* [Scraped caption text data]
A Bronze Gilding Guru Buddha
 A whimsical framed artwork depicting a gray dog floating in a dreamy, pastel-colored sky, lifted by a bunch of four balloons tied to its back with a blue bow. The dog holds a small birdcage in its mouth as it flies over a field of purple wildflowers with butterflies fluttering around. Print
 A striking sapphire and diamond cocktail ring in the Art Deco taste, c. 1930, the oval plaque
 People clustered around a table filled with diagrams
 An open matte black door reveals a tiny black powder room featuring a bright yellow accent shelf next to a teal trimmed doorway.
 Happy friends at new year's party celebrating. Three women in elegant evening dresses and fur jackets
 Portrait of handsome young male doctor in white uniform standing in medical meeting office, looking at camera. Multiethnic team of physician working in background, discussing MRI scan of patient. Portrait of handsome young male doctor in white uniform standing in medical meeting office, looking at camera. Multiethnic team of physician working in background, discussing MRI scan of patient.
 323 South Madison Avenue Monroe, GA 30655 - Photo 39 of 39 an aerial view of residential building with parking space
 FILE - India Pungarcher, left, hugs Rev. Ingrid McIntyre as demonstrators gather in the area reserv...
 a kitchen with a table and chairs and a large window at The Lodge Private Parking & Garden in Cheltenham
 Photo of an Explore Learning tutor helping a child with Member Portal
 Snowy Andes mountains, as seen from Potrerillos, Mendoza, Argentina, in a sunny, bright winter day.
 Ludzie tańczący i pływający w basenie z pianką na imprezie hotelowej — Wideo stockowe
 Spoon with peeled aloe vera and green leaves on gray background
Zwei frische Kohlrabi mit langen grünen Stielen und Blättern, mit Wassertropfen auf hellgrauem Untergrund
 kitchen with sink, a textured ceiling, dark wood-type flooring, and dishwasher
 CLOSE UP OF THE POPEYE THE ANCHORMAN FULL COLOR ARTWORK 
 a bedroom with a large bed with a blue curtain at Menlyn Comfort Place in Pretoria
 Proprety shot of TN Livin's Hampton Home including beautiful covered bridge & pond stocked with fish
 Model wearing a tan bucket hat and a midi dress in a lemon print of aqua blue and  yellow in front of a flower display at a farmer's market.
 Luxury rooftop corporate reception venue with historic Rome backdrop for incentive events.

* [WORK TASK] Your reply should consist only of the lines from the one containing "Proprety shot of" through the last line of the records, each reproduced exactly.

* [FINISHED EXERCISE]
 Proprety shot of TN Livin's Hampton Home including beautiful covered bridge & pond stocked with fish
 Model wearing a tan bucket hat and a midi dress in a lemon print of aqua blue and  yellow in front of a flower display at a farmer's market.
 Luxury rooftop corporate reception venue with historic Rome backdrop for incentive events.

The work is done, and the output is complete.